*** Given data ***
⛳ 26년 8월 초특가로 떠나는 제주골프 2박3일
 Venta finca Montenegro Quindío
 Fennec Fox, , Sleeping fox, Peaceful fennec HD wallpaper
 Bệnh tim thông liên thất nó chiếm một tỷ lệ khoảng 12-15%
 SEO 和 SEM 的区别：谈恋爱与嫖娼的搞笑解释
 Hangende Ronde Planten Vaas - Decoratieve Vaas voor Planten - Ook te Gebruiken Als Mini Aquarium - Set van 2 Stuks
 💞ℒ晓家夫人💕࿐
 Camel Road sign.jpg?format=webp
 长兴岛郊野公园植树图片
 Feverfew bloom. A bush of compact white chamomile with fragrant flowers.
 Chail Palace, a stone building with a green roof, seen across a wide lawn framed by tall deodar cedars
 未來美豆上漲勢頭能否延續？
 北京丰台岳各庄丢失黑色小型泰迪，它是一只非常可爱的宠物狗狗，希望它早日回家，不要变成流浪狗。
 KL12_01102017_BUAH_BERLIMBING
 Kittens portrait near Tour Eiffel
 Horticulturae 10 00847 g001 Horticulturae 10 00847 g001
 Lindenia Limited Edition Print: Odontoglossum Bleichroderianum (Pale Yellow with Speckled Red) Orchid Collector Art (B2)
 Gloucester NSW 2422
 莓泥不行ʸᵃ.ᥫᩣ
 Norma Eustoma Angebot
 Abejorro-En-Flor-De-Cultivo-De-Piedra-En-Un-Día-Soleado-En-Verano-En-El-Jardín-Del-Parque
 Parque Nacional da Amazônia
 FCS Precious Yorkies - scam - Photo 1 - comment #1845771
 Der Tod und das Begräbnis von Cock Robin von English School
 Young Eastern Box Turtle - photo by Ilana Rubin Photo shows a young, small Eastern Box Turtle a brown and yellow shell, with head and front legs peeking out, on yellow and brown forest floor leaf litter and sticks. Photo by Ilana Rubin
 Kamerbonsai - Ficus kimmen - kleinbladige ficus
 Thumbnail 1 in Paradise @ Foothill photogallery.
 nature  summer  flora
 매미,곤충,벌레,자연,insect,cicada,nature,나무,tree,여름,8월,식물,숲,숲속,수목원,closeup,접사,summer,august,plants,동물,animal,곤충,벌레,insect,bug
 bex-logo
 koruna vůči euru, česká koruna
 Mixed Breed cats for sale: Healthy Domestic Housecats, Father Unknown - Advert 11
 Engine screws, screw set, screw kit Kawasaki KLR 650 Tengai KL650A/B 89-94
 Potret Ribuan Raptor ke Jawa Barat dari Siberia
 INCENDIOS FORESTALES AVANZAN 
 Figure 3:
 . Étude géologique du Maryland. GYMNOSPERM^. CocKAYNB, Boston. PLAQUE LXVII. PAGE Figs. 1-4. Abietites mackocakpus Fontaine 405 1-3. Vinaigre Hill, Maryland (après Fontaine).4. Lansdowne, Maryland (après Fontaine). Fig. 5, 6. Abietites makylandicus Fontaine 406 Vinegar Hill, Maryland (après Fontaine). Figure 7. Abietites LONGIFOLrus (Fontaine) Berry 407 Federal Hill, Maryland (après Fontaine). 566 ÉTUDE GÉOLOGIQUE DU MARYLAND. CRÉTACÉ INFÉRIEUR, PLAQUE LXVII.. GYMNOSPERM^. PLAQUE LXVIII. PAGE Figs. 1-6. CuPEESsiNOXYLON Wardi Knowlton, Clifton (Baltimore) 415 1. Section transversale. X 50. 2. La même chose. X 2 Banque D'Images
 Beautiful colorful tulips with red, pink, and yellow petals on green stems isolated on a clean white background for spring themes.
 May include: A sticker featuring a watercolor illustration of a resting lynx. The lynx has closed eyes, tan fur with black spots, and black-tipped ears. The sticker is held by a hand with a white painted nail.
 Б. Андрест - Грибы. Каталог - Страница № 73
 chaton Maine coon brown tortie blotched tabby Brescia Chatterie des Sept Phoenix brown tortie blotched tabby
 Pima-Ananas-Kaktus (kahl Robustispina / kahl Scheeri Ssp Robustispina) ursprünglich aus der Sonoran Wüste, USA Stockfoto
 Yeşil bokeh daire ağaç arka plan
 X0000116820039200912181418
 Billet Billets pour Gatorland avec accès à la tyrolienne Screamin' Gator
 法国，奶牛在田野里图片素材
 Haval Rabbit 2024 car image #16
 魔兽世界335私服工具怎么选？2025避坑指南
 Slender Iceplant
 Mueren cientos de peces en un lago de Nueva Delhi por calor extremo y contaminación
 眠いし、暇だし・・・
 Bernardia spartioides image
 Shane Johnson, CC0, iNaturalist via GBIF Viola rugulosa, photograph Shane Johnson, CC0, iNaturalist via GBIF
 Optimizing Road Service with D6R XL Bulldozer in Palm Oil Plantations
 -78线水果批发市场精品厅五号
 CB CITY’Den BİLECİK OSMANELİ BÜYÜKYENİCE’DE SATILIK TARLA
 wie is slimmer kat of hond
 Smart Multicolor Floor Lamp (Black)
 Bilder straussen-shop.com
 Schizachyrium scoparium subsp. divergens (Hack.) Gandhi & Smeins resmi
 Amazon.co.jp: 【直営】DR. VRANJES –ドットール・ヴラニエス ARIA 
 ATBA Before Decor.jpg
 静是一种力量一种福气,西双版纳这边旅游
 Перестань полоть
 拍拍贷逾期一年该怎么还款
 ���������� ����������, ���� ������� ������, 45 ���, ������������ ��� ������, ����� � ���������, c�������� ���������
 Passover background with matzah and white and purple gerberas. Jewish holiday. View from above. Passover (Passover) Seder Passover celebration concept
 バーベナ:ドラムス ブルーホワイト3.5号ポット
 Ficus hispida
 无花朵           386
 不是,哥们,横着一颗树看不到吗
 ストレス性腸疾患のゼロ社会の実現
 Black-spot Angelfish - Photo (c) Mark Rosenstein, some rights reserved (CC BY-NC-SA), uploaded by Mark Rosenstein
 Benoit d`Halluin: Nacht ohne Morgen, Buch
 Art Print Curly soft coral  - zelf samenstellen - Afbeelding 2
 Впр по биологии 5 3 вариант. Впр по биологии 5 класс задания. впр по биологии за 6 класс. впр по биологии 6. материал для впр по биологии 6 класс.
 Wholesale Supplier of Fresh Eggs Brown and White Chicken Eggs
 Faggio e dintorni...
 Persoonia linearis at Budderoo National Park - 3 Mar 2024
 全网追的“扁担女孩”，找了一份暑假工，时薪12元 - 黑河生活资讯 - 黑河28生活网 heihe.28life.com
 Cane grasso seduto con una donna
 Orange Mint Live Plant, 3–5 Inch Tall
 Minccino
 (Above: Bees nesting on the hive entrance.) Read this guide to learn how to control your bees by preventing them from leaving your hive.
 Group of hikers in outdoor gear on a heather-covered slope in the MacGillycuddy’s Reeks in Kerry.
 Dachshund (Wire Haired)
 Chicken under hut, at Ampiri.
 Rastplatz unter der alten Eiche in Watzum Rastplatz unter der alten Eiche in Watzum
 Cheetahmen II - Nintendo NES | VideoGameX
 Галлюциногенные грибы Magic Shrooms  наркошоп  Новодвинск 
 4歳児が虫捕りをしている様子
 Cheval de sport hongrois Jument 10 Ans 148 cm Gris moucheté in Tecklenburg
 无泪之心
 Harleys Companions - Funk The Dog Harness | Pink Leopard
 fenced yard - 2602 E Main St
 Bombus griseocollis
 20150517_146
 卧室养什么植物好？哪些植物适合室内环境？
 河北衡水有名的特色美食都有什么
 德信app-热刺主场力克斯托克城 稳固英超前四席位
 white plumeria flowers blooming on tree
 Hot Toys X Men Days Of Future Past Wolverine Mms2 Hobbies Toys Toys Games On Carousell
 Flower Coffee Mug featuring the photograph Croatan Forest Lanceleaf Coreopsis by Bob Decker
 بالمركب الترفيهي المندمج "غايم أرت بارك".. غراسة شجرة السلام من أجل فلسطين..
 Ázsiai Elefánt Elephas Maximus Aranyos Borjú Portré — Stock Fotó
***
* What needs to be done
Wherever a line of the entries holds the string "tree", copy that line.

* The completed task
 매미,곤충,벌레,자연,insect,cicada,nature,나무,tree,여름,8월,식물,숲,숲속,수목원,closeup,접사,summer,august,plants,동물,animal,곤충,벌레,insect,bug
 white plumeria flowers blooming on tree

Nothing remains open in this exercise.